Me declaro ferviente partidario de la Iglesia abierta -ni un club para perfectos ni una aduana, según el Papa Francisco- y de las iglesias abiertas -con sus horarios amplios de apertura y celebraciones no reducidas al mínimo-. Y de las hermandades con sus capillas y casas de hermandad acogedoras e integradoras para todos los hermanos, no para grupos cerrados ni escogidos. Pero la publicación estos días de las cifras de participantes en las estaciones de penitencia en Sevilla capital -la provincia es harina de otro costal-, nos sitúa irremisiblemente en un escenario inédito en la larga historia de nuestras cofradías y de la Semana Santa.
El crecimiento mantenido año tras año de buena parte de los cortejos nazarenos frente al limitado espacio físico de los templos de donde salen y de las calles por donde discurren, hace que la Semana Santa haya tomado unas proporciones tendentes al gigantismo difíciles de conciliar, por una parte, con el escenario urbano, y, por otra, con el mínimo que aún subsiste de la proporción y la estética cofradiera consustancial a nuestra forma de celebrarla en la calle. Fiesta sagrada que por su equilibrada belleza donde se aúna lo culto con lo popular atraía y elevaba el espíritu de locales y visitantes. Con este aumento desproporcionado de casi todo lo que en ella interviene, habría que poner en cuestión si esta atracción se mantiene intacta. Además de cuestiones de seguridad pública y de facilitar la contemplación por parte de los fieles y devotos, para que nuestra Semana Mayor no quede en manos de una masa de meros aficionados a los pasos, a la bulla y al ruido sin más.

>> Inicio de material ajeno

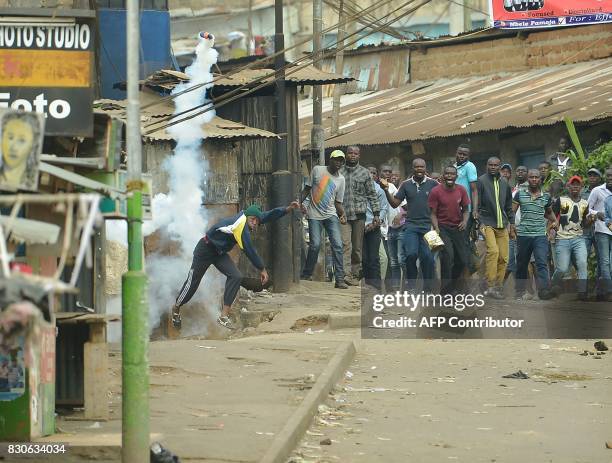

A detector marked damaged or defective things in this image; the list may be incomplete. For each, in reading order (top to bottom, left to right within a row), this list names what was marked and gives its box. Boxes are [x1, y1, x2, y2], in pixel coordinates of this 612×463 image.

rusty iron sheet [296, 58, 612, 149]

Si dejamos a un lado el improbable cambio del modelo de carrera oficial y estación de penitencia a la Catedral, está claro que la limitación de los cuerpos de nazarenos -una vez fijados unos números suficientemente amplios y solventadas las cuestiones jurídicas y organizativas que les atañan- es un escenario sobre el que debemos, al menos, reflexionar. Y lo primero sería constatar que, aunque novedoso en el campo cofradiero, esto no debería sorprendernos, por cuanto la mayor parte de las actividades sociales y aun culturales, deportivas o lúdicas cuentan con limitaciones de asistencia y participación por cuestiones de espacio. Y también las religiosas: hay celebraciones y actos de culto en templos y en lugares abiertos que, una vez cubierto el aforo máximo, no admiten más fieles por mucha fe o devoción que manifiesten; e incluso en los actuales retiros de Effetá y Emaús los grupos están llenos habitualmente, existiendo lista de espera para varios meses después de la solicitud.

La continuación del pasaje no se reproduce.